The first few answers I give won't be the ones you're looking for, but towards the end I may present one which you'll find more satisfying.
First of all, you might want to take a look at who's saying what. I'll grant that statements such as Fred's above can be annoying. I agree completely that it's usually very good to know the reasons behind things. But if the people who have been posting to comp.lang.c the longest, and who have been programming in C for the longest and with the most success, keep saying "it's undefined, it's undefined, quit worrying about why, just don't do it, it's undefined", they might have a good reason, even if they don't -- or can't -- say what is, and that might be a good enough reason for you, too.
I've been programming in C for, oh, 15 years now. For at least
10 of those years, I've been regarded as somewhat of an expert.
For going on 5 of those years, I've been maintaining the
comp.lang.c FAQ list. I am someone who is usually incapable of
learning abstract facts unless I understand the reasons behind
them. When I used to study for math tests, I wouldn't memorize
formulas, I'd just make sure that I could rederive them if I
needed them. Yet for most of the 15 years I've been programming
in C, I simply could not have told you why i=i++
is undefined.
It's an ugly expression; it's meaningless to me; I don't know
what it does; I don't want to know what it does; I'd never write
it; I don't understand why anyone would write it; it's a mystery
to me why anyone cares what it does; if I ever encountered it in
code I was maintaining, I'd rewrite it. When I was learning C
from K&R1 in 1980 or whenever it was, one of their nice little
sentences, which they only say once, and which if you miss you're
sunk, leaped up off the page and wrapped itself around my brain
and has never let go:
Naturally, it is necessary to know what things to avoid, but if you don't know how they are done on various machines, that innocence may help to protect you.As it happens, it's possible to read K&R too carefully here: the discussion at the end of chapter 2 about
a[i] = i++
suggests
that it's implementation-defined, and the word "unspecified"
appears in K&R2, while ANSI says that the behavior is undefined.
The sentence I've quoted above suggests not knowing how things
are done on various machines, while in fact what we really want
to know is that maybe they can't be done on various machines.
Nevertheless, the message -- that a bit of innocence may do you
good -- is in this case a good one.
That's my first answer. I realize that it's wholly unsatisfying to anyone who's still interested in this question. On to answer number two.
> As far as I know, it was created by a committee not brought down by Moses > from the mountain top. If I want to become a better C programmer, won't > it help me to know why the committee acted as it did.
Perhaps, but again, only if you're very careful.
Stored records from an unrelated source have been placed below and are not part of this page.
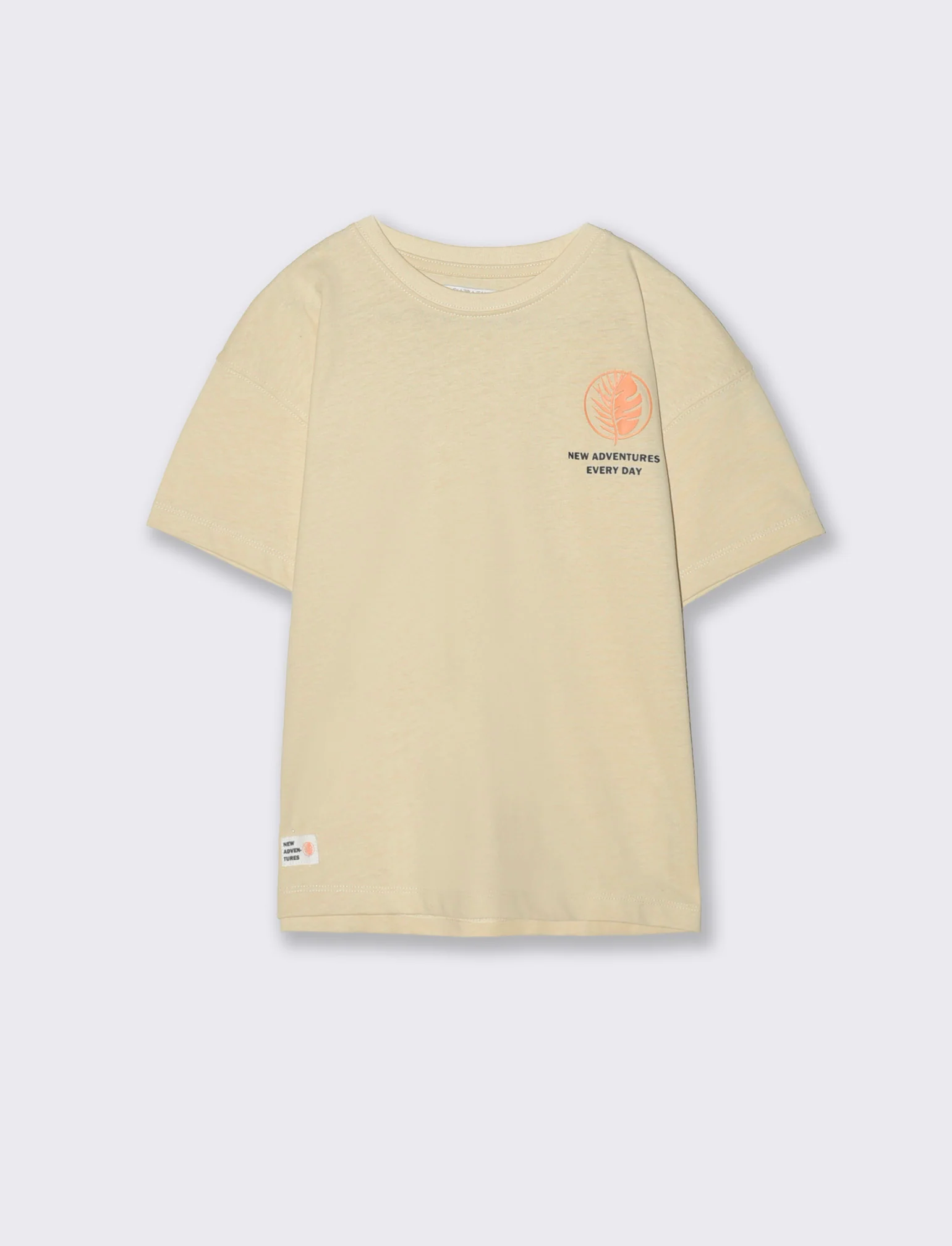 T-Shirt con stampe per ogni occasione - Beige - Image 4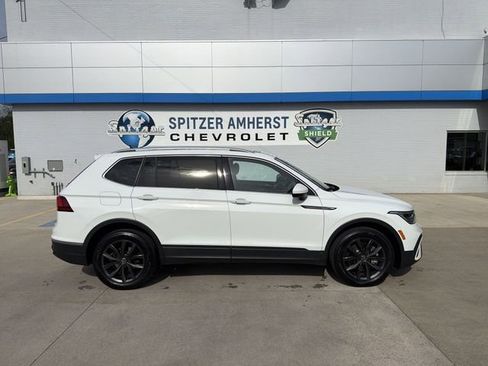 Used 2022 Volkswagen Tiguan SE AWD/4WD image 11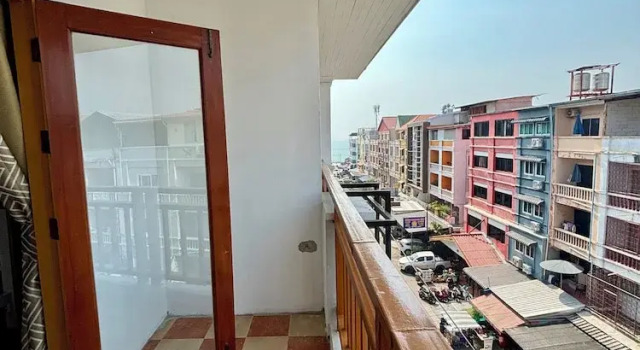Студия Grand Charm Hostel at Jomtien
Let's say you're wondering why i++ * i++
is undefined. Someone
explains that it's because no one felt like defining which order
the side effects happen in. That's a nice answer: it's a bit
incomplete and perhaps a bit incorrect, but it's certainly easy
to understand, and since you insisted on an answer you could
understand (as opposed to something inscrutable like "it's just
undefined; don't do it"), it's the kind of answer you're likely
to get.
So next week, you find yourself writing something like
i = 7; printf("%d\n", i++ * i++);and you say to yourself, "Whoah, that might be undefined. How did that explanation go again? It's undefined... because nobody felt like saying... which order the side effects happened in. So either the first
i
gets incremented first, and it's 7
times 8 is 56, or the second i
gets incremented first, and it's
8 times 7 is 56. Hey! It may be undefined, but I get a
predictable answer, so I can use the code after all!"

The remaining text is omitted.